(Requirement): Without changing a single word, output each entry.

(Information):
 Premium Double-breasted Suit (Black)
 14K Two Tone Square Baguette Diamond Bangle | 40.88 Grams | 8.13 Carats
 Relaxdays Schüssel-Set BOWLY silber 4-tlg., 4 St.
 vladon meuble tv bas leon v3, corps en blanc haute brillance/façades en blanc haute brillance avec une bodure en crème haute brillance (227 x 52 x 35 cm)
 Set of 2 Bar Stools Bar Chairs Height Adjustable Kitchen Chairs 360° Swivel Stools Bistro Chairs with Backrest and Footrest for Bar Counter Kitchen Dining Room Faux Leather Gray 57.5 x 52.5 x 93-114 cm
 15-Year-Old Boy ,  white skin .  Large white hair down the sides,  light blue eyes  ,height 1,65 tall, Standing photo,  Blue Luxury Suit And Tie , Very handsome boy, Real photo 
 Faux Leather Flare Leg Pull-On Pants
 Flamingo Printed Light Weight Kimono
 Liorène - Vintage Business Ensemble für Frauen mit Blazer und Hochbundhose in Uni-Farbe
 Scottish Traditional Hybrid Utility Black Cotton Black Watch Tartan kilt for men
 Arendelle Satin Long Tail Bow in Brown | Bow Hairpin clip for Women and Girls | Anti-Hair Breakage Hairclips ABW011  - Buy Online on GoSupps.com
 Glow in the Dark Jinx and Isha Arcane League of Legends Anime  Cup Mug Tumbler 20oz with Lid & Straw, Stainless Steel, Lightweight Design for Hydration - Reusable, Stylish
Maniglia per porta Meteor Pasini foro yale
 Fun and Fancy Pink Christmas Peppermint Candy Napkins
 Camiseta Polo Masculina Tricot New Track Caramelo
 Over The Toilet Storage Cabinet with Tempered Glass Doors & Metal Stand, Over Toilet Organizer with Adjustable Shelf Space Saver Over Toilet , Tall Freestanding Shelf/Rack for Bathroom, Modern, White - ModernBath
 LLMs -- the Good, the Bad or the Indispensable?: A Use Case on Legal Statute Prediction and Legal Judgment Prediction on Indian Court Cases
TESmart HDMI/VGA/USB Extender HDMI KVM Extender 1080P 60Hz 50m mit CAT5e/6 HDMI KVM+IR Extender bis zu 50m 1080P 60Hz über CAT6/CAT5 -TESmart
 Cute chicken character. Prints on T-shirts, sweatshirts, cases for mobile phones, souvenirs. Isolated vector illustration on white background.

(Response to the task):
 Premium Double-breasted Suit (Black)
 14K Two Tone Square Baguette Diamond Bangle | 40.88 Grams | 8.13 Carats
 Relaxdays Schüssel-Set BOWLY silber 4-tlg., 4 St.
 vladon meuble tv bas leon v3, corps en blanc haute brillance/façades en blanc haute brillance avec une bodure en crème haute brillance (227 x 52 x 35 cm)
 Set of 2 Bar Stools Bar Chairs Height Adjustable Kitchen Chairs 360° Swivel Stools Bistro Chairs with Backrest and Footrest for Bar Counter Kitchen Dining Room Faux Leather Gray 57.5 x 52.5 x 93-114 cm
 15-Year-Old Boy ,  white skin .  Large white hair down the sides,  light blue eyes  ,height 1,65 tall, Standing photo,  Blue Luxury Suit And Tie , Very handsome boy, Real photo 
 Faux Leather Flare Leg Pull-On Pants
 Flamingo Printed Light Weight Kimono
 Liorène - Vintage Business Ensemble für Frauen mit Blazer und Hochbundhose in Uni-Farbe
 Scottish Traditional Hybrid Utility Black Cotton Black Watch Tartan kilt for men
 Arendelle Satin Long Tail Bow in Brown | Bow Hairpin clip for Women and Girls | Anti-Hair Breakage Hairclips ABW011  - Buy Online on GoSupps.com
 Glow in the Dark Jinx and Isha Arcane League of Legends Anime  Cup Mug Tumbler 20oz with Lid & Straw, Stainless Steel, Lightweight Design for Hydration - Reusable, Stylish
Maniglia per porta Meteor Pasini foro yale
 Fun and Fancy Pink Christmas Peppermint Candy Napkins
 Camiseta Polo Masculina Tricot New Track Caramelo
 Over The Toilet Storage Cabinet with Tempered Glass Doors & Metal Stand, Over Toilet Organizer with Adjustable Shelf Space Saver Over Toilet , Tall Freestanding Shelf/Rack for Bathroom, Modern, White - ModernBath
 LLMs -- the Good, the Bad or the Indispensable?: A Use Case on Legal Statute Prediction and Legal Judgment Prediction on Indian Court Cases
TESmart HDMI/VGA/USB Extender HDMI KVM Extender 1080P 60Hz 50m mit CAT5e/6 HDMI KVM+IR Extender bis zu 50m 1080P 60Hz über CAT6/CAT5 -TESmart
 Cute chicken character. Prints on T-shirts, sweatshirts, cases for mobile phones, souvenirs. Isolated vector illustration on white background.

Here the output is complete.